►
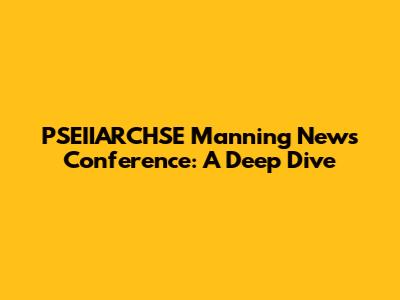 PSEIIARCHSE Manning News Conference: A Deep Dive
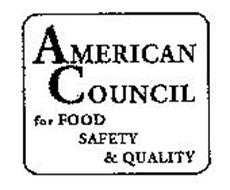 AMERICAN COUNCIL FOR FOOD SAFETY & QUALITY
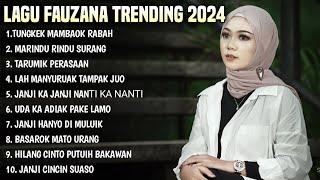 FAUZANA - LAGU MINANG TERBARU FULL ALBUM TERPOPULER 2024  - Tungkek Mambaok - Marindu Rindu Surang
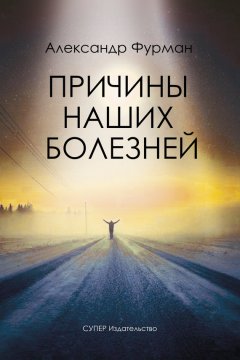 Александр Фурман - Причины наших болезней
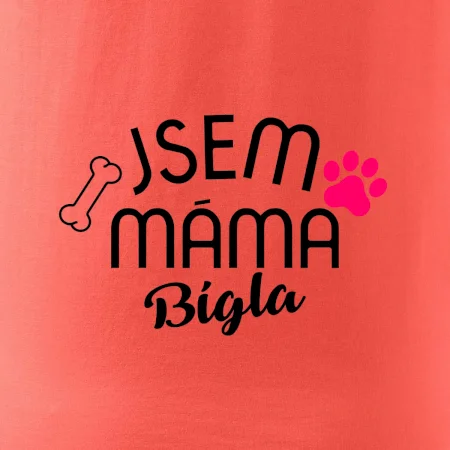Jsem máma Bígla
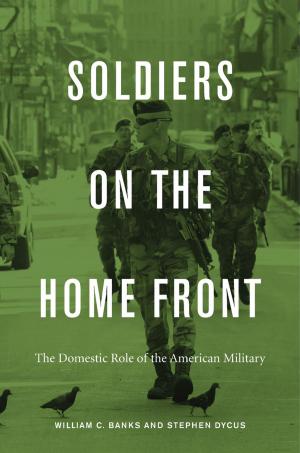 Cover of the book Soldiers on the Home Front by Sarah Bridger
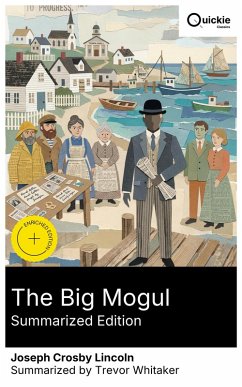 The Big Mogul (Summarized Edition) (eBook, ePUB) - Lincoln, Joseph Crosby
◄
Brief: After removing the pictures, transcribe the listing above exactly.

Answer to this problem:
 PSEIIARCHSE Manning News Conference: A Deep Dive
 AMERICAN COUNCIL FOR FOOD SAFETY & QUALITY
 FAUZANA - LAGU MINANG TERBARU FULL ALBUM TERPOPULER 2024  - Tungkek Mambaok - Marindu Rindu Surang
 Александр Фурман - Причины наших болезней
Jsem máma Bígla
 Cover of the book Soldiers on the Home Front by Sarah Bridger
 The Big Mogul (Summarized Edition) (eBook, ePUB) - Lincoln, Joseph Crosby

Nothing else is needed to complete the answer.